> **Work to complete**
The lines you should transcribe are those from the one containing "16235-02 - Стиральный" to the end of the listing below, exactly, with pictures left out.

> **Data segment**
|---|
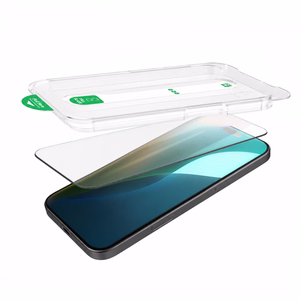AmazingThing Titan Vision 7 Karastatud klaas jaoks iPhone 17 Pro Max Matte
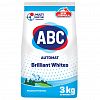 16235-02 - Стиральный порошок "ABC Свежесть гор" 3000гр (Турция)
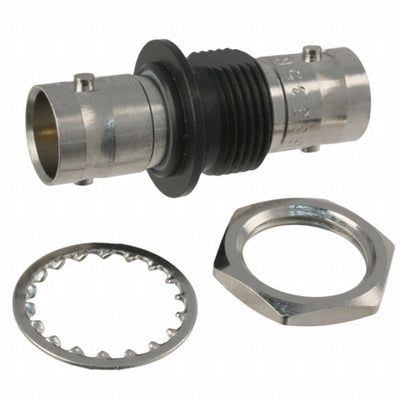 HBC335R744 by Winchester Interconnect - CONNECTOR ADAPT JACK-JACK BNC 75 OHM
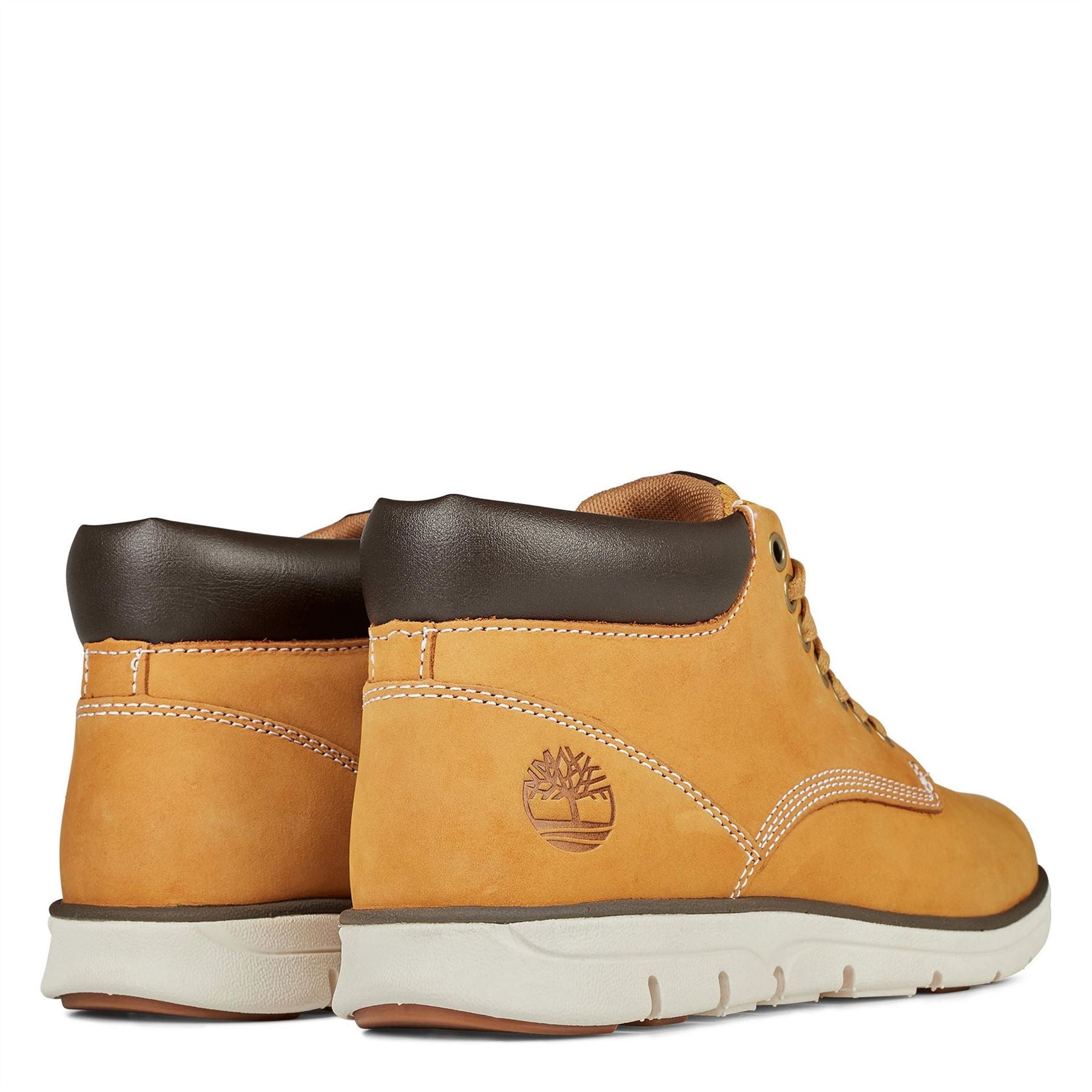 Timberland Bradstreet Lace Up Low Top Trainers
|---|
> **Answer**
 16235-02 - Стиральный порошок "ABC Свежесть гор" 3000гр (Турция)
 HBC335R744 by Winchester Interconnect - CONNECTOR ADAPT JACK-JACK BNC 75 OHM
 Timberland Bradstreet Lace Up Low Top Trainers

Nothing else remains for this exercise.